**Data for this task**
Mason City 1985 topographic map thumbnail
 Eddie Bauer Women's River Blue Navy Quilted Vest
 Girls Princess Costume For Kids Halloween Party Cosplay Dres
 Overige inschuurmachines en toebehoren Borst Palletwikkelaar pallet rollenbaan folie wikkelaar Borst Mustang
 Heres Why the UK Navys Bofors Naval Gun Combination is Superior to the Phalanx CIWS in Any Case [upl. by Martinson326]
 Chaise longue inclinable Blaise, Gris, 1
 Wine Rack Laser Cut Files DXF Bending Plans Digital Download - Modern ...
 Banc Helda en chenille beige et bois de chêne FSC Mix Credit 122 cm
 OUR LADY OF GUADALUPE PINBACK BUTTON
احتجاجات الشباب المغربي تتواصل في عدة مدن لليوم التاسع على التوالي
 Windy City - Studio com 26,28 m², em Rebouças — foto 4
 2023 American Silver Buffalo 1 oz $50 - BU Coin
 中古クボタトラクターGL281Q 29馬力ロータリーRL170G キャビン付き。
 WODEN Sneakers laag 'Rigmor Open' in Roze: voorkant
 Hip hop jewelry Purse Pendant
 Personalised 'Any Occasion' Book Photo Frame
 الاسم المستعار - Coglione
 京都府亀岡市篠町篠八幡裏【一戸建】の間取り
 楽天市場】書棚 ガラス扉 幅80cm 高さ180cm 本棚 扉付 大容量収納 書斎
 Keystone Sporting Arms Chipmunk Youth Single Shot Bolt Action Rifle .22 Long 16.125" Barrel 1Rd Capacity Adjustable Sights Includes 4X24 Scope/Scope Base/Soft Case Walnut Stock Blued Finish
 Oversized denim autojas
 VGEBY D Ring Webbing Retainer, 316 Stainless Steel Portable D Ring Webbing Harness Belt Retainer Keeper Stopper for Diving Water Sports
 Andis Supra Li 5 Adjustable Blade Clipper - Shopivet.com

**Problem details**
Please transcribe each entry exactly, keeping every word as it is.

**Finished task**
Mason City 1985 topographic map thumbnail
 Eddie Bauer Women's River Blue Navy Quilted Vest
 Girls Princess Costume For Kids Halloween Party Cosplay Dres
 Overige inschuurmachines en toebehoren Borst Palletwikkelaar pallet rollenbaan folie wikkelaar Borst Mustang
 Heres Why the UK Navys Bofors Naval Gun Combination is Superior to the Phalanx CIWS in Any Case [upl. by Martinson326]
 Chaise longue inclinable Blaise, Gris, 1
 Wine Rack Laser Cut Files DXF Bending Plans Digital Download - Modern ...
 Banc Helda en chenille beige et bois de chêne FSC Mix Credit 122 cm
 OUR LADY OF GUADALUPE PINBACK BUTTON
احتجاجات الشباب المغربي تتواصل في عدة مدن لليوم التاسع على التوالي
 Windy City - Studio com 26,28 m², em Rebouças — foto 4
 2023 American Silver Buffalo 1 oz $50 - BU Coin
 中古クボタトラクターGL281Q 29馬力ロータリーRL170G キャビン付き。
 WODEN Sneakers laag 'Rigmor Open' in Roze: voorkant
 Hip hop jewelry Purse Pendant
 Personalised 'Any Occasion' Book Photo Frame
 الاسم المستعار - Coglione
 京都府亀岡市篠町篠八幡裏【一戸建】の間取り
 楽天市場】書棚 ガラス扉 幅80cm 高さ180cm 本棚 扉付 大容量収納 書斎
 Keystone Sporting Arms Chipmunk Youth Single Shot Bolt Action Rifle .22 Long 16.125" Barrel 1Rd Capacity Adjustable Sights Includes 4X24 Scope/Scope Base/Soft Case Walnut Stock Blued Finish
 Oversized denim autojas
 VGEBY D Ring Webbing Retainer, 316 Stainless Steel Portable D Ring Webbing Harness Belt Retainer Keeper Stopper for Diving Water Sports
 Andis Supra Li 5 Adjustable Blade Clipper - Shopivet.com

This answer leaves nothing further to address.